By Mark J. Rozell and Mitchell A. Sollenberger - 07/21/14 12:00 PM EDT
In yet another flare-up between the Obama administration and Congress over presidential powers, White House counsel Neil Eggleston has declared that White House staffers who give presidential advice are immune from testimony on the Hill. This position is reminiscent of a George W. Bush era conflict over the former president’s refusal to allow certain White House advisers to testify in response to congressional subpoenas.
In the present case, the House Committee on Oversight and Government Reform has subpoenaed testimony from David Simas, the director of the White House Office of Political Strategy and Outreach (OPSO), regarding some of the alleged political activities of that office. The White House maintains that it has provided the committee with sufficient information about the operations of OPSO. Committee chairman Darrell Issa (R-Calif.) has responded that the committee cannot properly fulfill its investigatory role without direct testimony by the Office director.
The White House position is unyielding in its claim of immunity against testimony for a White House staffer. According to Eggleston: “The committee’s effort to compel Mr. Simas’s testimony threatens longstanding interests of the executive branch in preserving the president’s independence and autonomy, as well as his ability to obtain candidate advice and counsel to aid him in the discharge of his constitutional duties.” Therefore: “Mr. Simas is immune from congressional compulsion to testify on matters relating to his official duties”.
Not surprisingly, Issa rejected this argument and convened his committee to further pursue the matter. Whether he is constitutionally correct or not in each of his disputes with the White House, Issa at least is relentless. There is no easy endgame to this conflict, unless Simas testifies.
Assuming the controversy continues, it is worth examining the merits of the claim of White House staff immunity from testimony. The White House argument ultimately fails on two counts: (1) past precedents of White House staff members testifying on the Hill; (2) a compelling legal opinion issued in the earlier Bush-era controversy.
First, although the Obama White House is not unique in asserting the case for immunity from testimony, there is ample precedent for White House staff testimony dating back to the at least the 1970s. Nixon White House aides Donald Rumsfield and Peter Flanigan testified before Congress. After the Watergate scandal additional White House staffers would testify as well, including White House Counsel John Dean. President Gerald Ford even appeared before a congressional committee to discuss his decision to pardon Nixon. Carter White House Counsel Lloyd Cutler and National Security Adviser Zbigniew Brzezinski appeared before Congress. During the Clinton years Cutler, as special counsel to the president, along with Deputy Chief of Staff Harold Ickes and Senior Advisor Bruce Lindsey, testified before Congress. George W. Bush’s National Security Adviser Condoleezza Rice appeared before a congressional committee in 2004.

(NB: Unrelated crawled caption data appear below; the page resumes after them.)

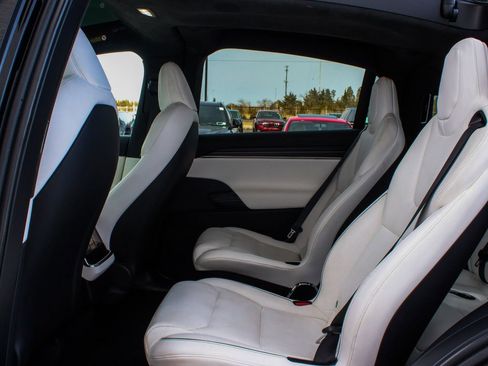 Used 2022 Tesla Model X Plaid image 31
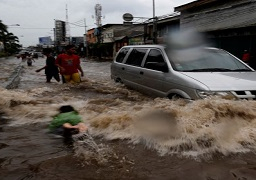 فيضانات تغرق آلاف المنازل في جاكرتا
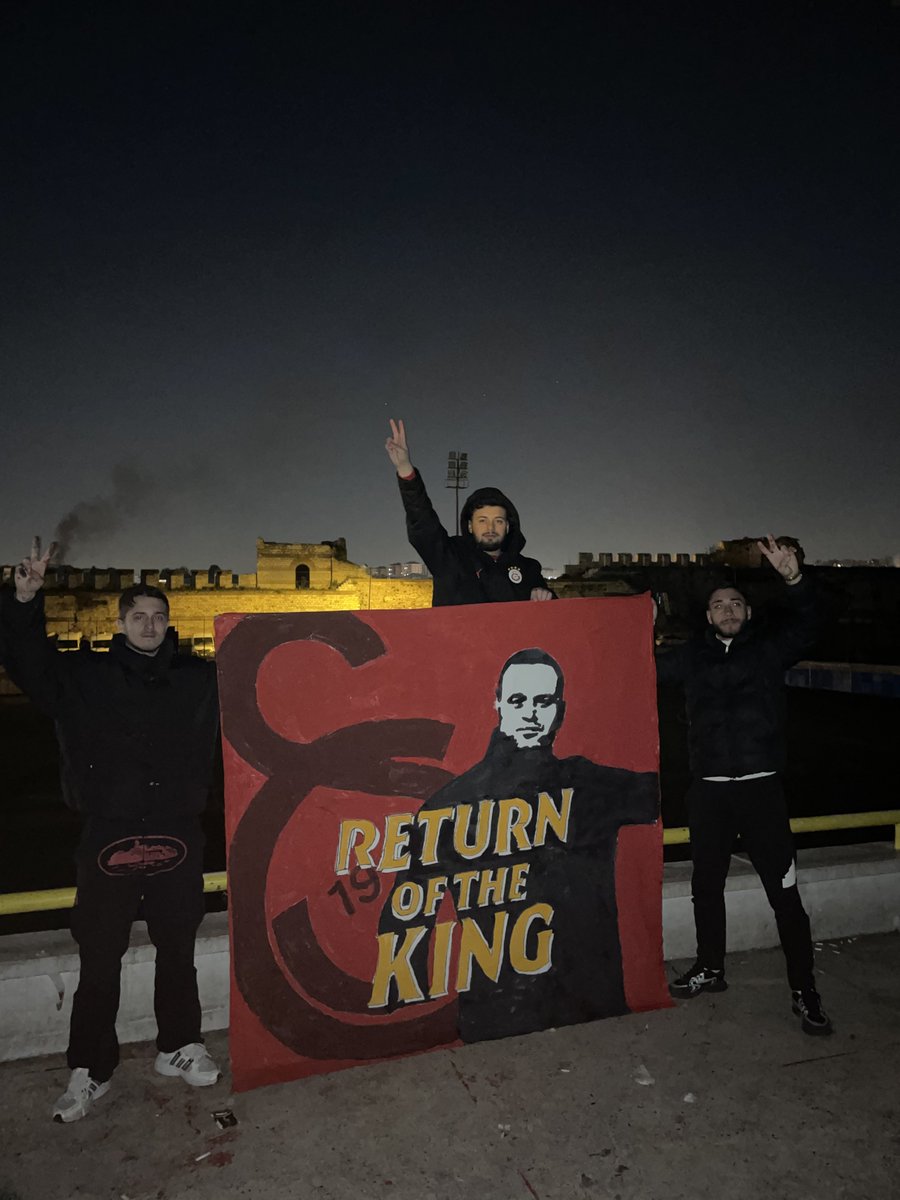 DOSTA DOSTLUK ZALİME ZALİM 
İYİ Kİ DOĞDUN ABİMİZ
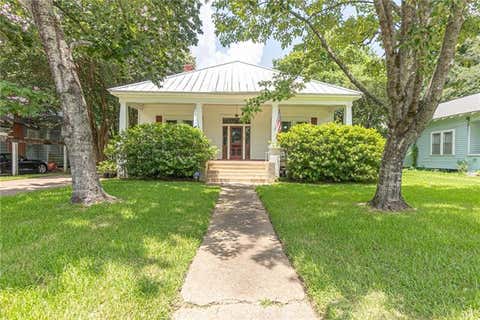 Photo of 2022 Polk Street St, Alexandria, LA 71301 (MLS # CN2566187)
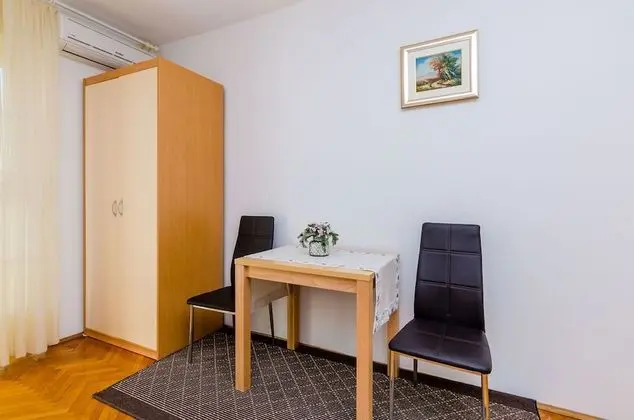 Tek Büyük Yataklı Oda (Double Room with Balcony)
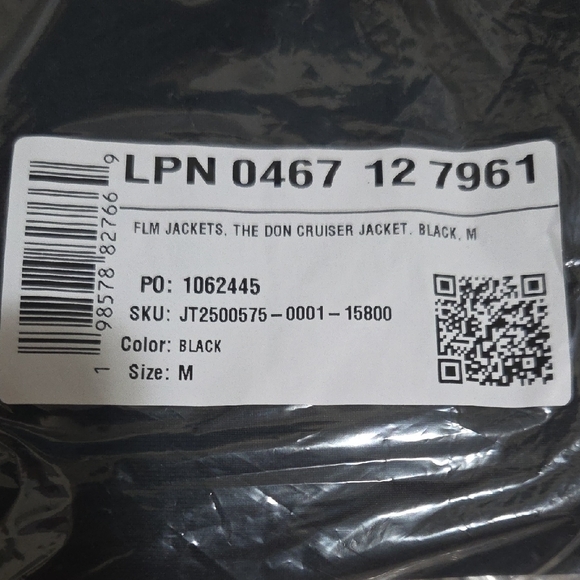 *NWT* Fabletics The Don Cruiser Zip-Up Jacket - Men's Black, Size Medium - Picture 10 of 10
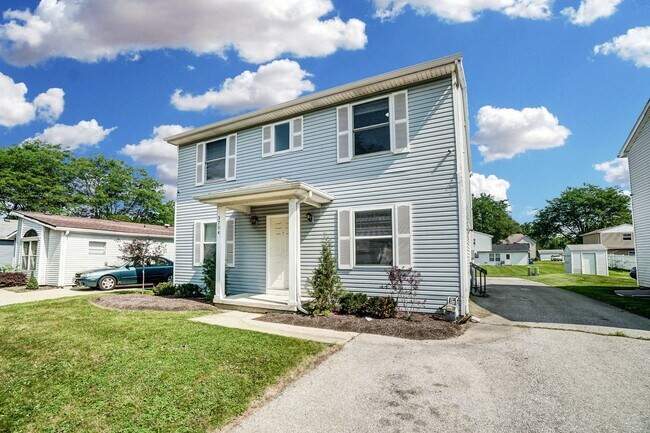 Foto del edificio - 3704 Willow Run Dr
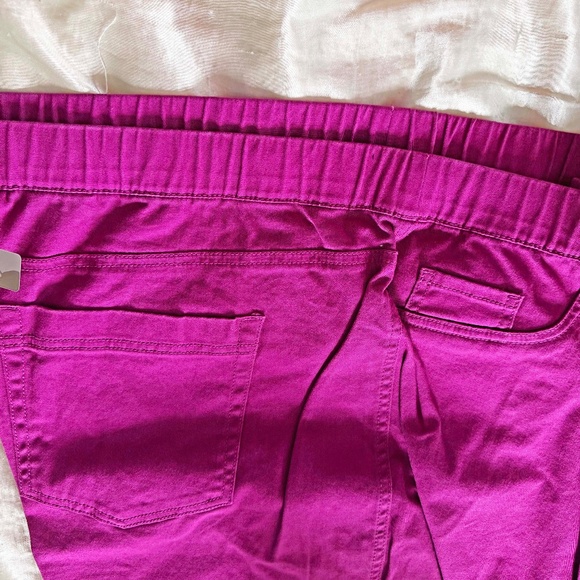 CAPRI JEGGINGS, VIVID FUSCHIA, SIZE 5X, PULL ON, 3 POCKETS, COTTON/SPANDEX, HEM - Picture 8 of 16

Second, in 2008, the Bush administration articulated the position that presidential advisers “are absolutely immune from testimonial compulsion by a Congressional committee.” The U.S. district court of D.C. firmly rejected that argument in an opinion that equally undercuts the current White House position in stating that the absolute immunity claim, even for senior-level White House aides, “is without any support in the case law”. Furthermore, “compliance with a congressional subpoena is a legal requirement”. The court thoroughly repudiated what it saw as ultimately a presidential claim of “independence from congressional and judicial checks”.
There is precedent nonetheless for the position that certain discussions in the White House are “presumptively privileged” and that Congress’s power of inquiry too is not absolute. Presidential advisers and some other high-level staff members are entitled to some degree of protection in giving counsel to the president. Ultimately, this presumption that advisers may give candid advice does not provide a total blanket protection from testimony, as Congress’s legitimate interests in conducting investigations must be weighed against any presidential claim of immunity.
So we are back to the easy resolution: respect Congress’s authority and testify. Of course, a White House adviser may choose not to answer certain questions posed during a hearing, on the basis that he or she would be violating confidentiality. But stiff-arming the committee with a claim that the legislative branch has no interest or authority profoundly disrespects the institution and representative government.
Rozell is acting dean of the School of Policy, Government, and International Affairs at George Mason University. Sollenberger is associate provost at University of Michigan-Dearborn. They are co-authors of the book The President’s Czars: Undermining Congress and the Constitution.